She was born Elizabeth Clementine Dodge in New York City on December 10, 1810.[1] Her father was David Low Dodge, who helped establish the New York Peace Society. Her mother was Sarah Cleveland, the daughter of minister Aaron Cleveland.[2] Her brother was William E. Dodge, noted abolitionist, Native American rights activist, past president of the National Temperance Society, and founding member of YMCA of the USA.

Elizabeth was a contributor to the Knickerbocker and to Blackwood's. During a 14-year stay in Europe she was a friend of Robert Browning and Elizabeth Barrett Browning.

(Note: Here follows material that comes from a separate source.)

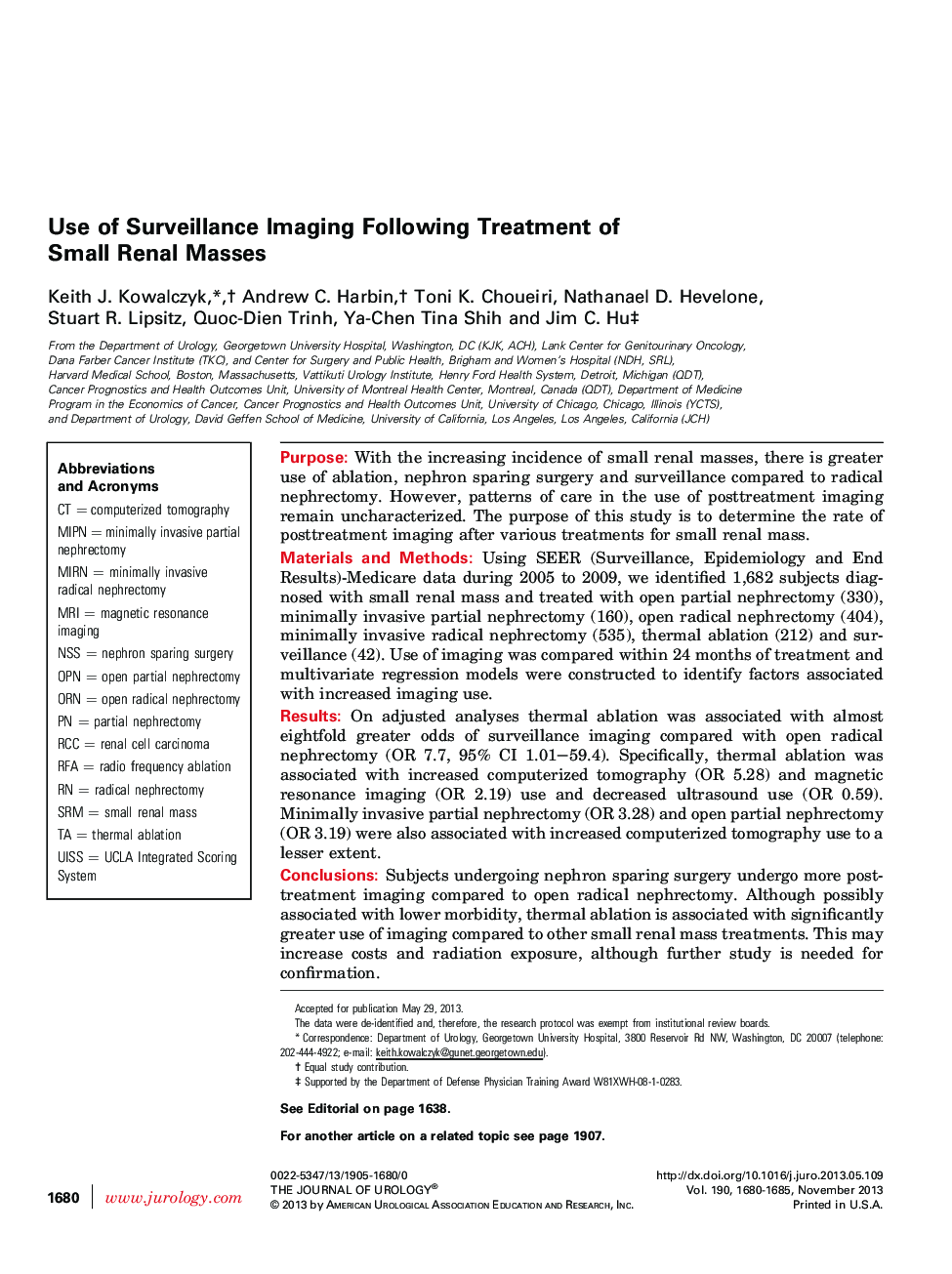 Use of Surveillance Imaging Following Treatment of Small Renal Masses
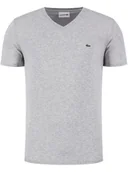 Koszulki męskie - Lacoste T-Shirt TH6710 Szary Regular Fit - miniaturka - grafika 1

She published Felicita, a Metrical Romance (1855), Poems (1867), and Bianco Capello, A Tragedy (1873), written during her time abroad in Italy.[3]

Personal life

File:Elizabeth Clementine Kinney (1852).png
Elizabeth Clementine Kinney (1852)

She married Edmund Burke Stedman, a merchant from Hartford, Connecticut, in 1830 at age 19.[3][4] He died of tuberculosis in December 1835.[5] They had two sons, the eldest was the poet and critic Edmund Clarence Stedman.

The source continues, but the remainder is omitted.